19. Countries should strengthen collaboration, and engage in effective and proper international actions in response to the challenges of DLDD. The governments of all relevant countries which are mandated with the primary responsibilities for sustainable economic, social and environmental development should fulfill their political commitments, constantly improve relevant policies, increase investment and enhance coordination and guidance to lead national efforts towards the target of the neutrality of land degradation within their own country.


20. Desertification poses a risk to the world peace and stability, and poverty eradication is the greatest challenge in desertification control, thus calling for the engagement of the whole society and all stakeholders. Governments, enterprises and the public should join hands to integrate policy-making, research and production. Civil organizations, environment protection foundations, the private sector, enterprises and local communities should be encouraged to play an active role in planning, decision-making and implementation of desertification projects.

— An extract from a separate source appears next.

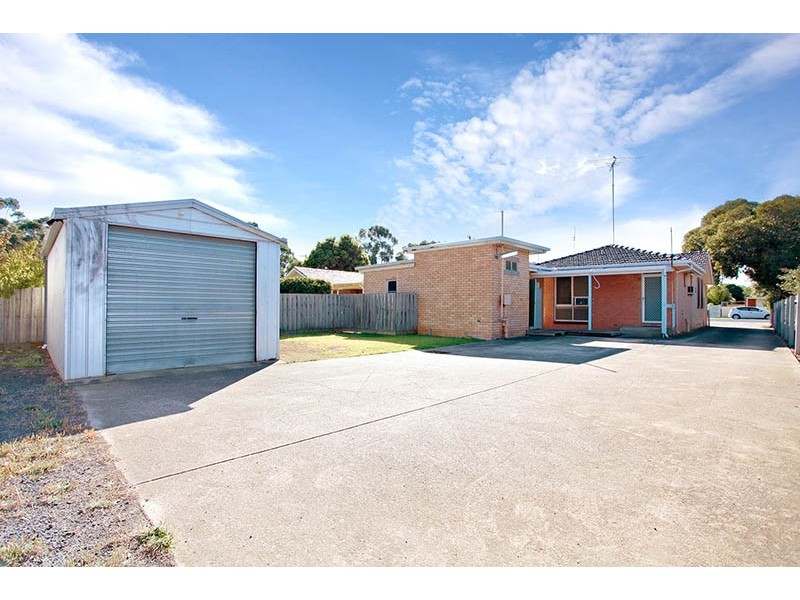 6 Rennie Street, Lara VIC 3212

21. Governments are urged to prioritize allocation of resources to sustainable development and poverty eradication in line with their national priorities and needs. They should provide close guidance to ensure the coordination and consistency of various funding mechanisms and projects. South-South cooperation, trilateral cooperation and voluntary partnerships should be promoted while maintaining the official development assistance (ODA) by developed countries at least at 0.7% or above.


22. Governments should highlight desertification control and provide supporting policies, mechanisms, systems and legislation. Preferably, projects that address global hotspot issues should be prioritized, such as land ownership confirmation, responsible investment in land, and protection and improvement of the livelihood of small farmers and disadvantaged groups.


23. Positive actions should be taken to improve market mechanisms and enhance incentive policies design, and encourage the private sector and civil organizations to participate in desertification control and poverty eradication through business means and innovative funding mechanisms. Financial institutions should be leveraged on to finance and facilitate the mechanisms for sustainable development and poverty eradication in developing countries.


24. Governments, scientists, entrepreneurs, artists and organizations dedicated to desertification control and poverty eradication are called upon to form various coalitions to play active roles in the implementation of the Kubuqi Action Plan and help achieve the global goal of “the neutrality of land degradation by 2030”.


25. The KIDF Secretariat should keep in close contact with the UNEP and UNCCD and regularly inform to the Conference of the Parties to the UNCCD on the accomplishments of the Forum and the progress of the Action Plan to draw more international attention and participation.